Present value (PV) is the cornerstone of modern finance: it answers the question “how much is a future cash flow worth right now?” Whether you are valuing a bond, sizing a pension, pricing a lease, or deciding between two investment projects, every calculation reduces to discounting future money back to today’s terms. This calculator handles all six standard PV forms in one place — lump sum, ordinary annuity, annuity-due, growing annuity, perpetuity, and growing perpetuity — together with a period-by-period breakdown so you can see exactly how each payment contributes.
How it works
The central idea is the time value of money: a unit of currency available today can be invested to earn a return, so it is worth more than the same unit received in the future. The rate at which we convert future value to present value is the discount rate — your required rate of return, cost of capital, or opportunity cost.
Lump sum
The simplest case: a single payment FV received n periods from now.
PV = FV / (1 + r)^n
where r is the effective periodic rate. The calculator derives it from your annual rate using the EAR decomposition (1 + r_annual)^(1/periods_per_year) - 1 rather than simple division, which gives the correct rate consistent with how yields are quoted.
Ordinary annuity
A stream of equal payments PMT at the end of each period (mortgages, bond coupons):
PV = PMT * [1 - (1 + r)^(-n)] / r
This is mathematically the sum of n geometric terms, each discounted by one more period than the last.
Annuity-due
Equal payments at the start of each period (rent, insurance premiums). Every payment is discounted by one fewer period than in the ordinary-annuity case, so:
PV_due = PMT * [1 - (1 + r)^(-n)] / r * (1 + r)
Growing annuity
Payments that grow at a constant rate g per period for n periods (salary-linked pension, escalating rents). When r is not equal to g:
PV = PMT / (r - g) * [1 - ((1 + g) / (1 + r))^n]
When r equals g exactly, the formula simplifies to PMT * n / (1 + r).
Perpetuity and growing perpetuity
A perpetuity pays PMT forever.
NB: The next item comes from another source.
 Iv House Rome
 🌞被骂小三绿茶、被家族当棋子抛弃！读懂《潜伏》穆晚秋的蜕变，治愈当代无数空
Because each payment is discounted more heavily, the infinite series converges:
PV = PMT / r
A growing perpetuity (the Gordon Growth Model used in equity valuation) adds a constant growth rate g:
PV = PMT / (r - g), valid only when r is greater than g.
Worked example
Suppose you are offered a savings plan that pays £500 per month for 20 years (ordinary annuity, monthly frequency). Your required annual return is 7%. What is that stream of payments worth today?
Effective monthly rate: (1 + 0.07)^(1/12) - 1 = 0.5654%
Number of periods n = 20 * 12 = 240
PV = 500 * [1 - (1.005654)^(-240)] / 0.005654 = £64,643
The total undiscounted cash flows are £500 * 240 = £120,000, so the time-value discount is roughly £55,357 — meaning you would pay no more than £64,643 today to receive those payments at a 7% hurdle rate.
| Mode | PMT | Rate | Years | PV |
|---|---|---|---|---|
| Ordinary annuity | £500/mo | 7% | 20 | £64,643 |
| Annuity-due | £500/mo | 7% | 20 | £65,009 |
| Growing annuity (3% growth) | £500/mo | 7% | 20 | £75,512 |
| Perpetuity | £500/mo | 7% | forever | £85,714 |
| Growing perpetuity (3% growth) | £500/mo | 7% | forever | £150,000 |
All computations run in your browser — no figures are sent to a server or stored anywhere.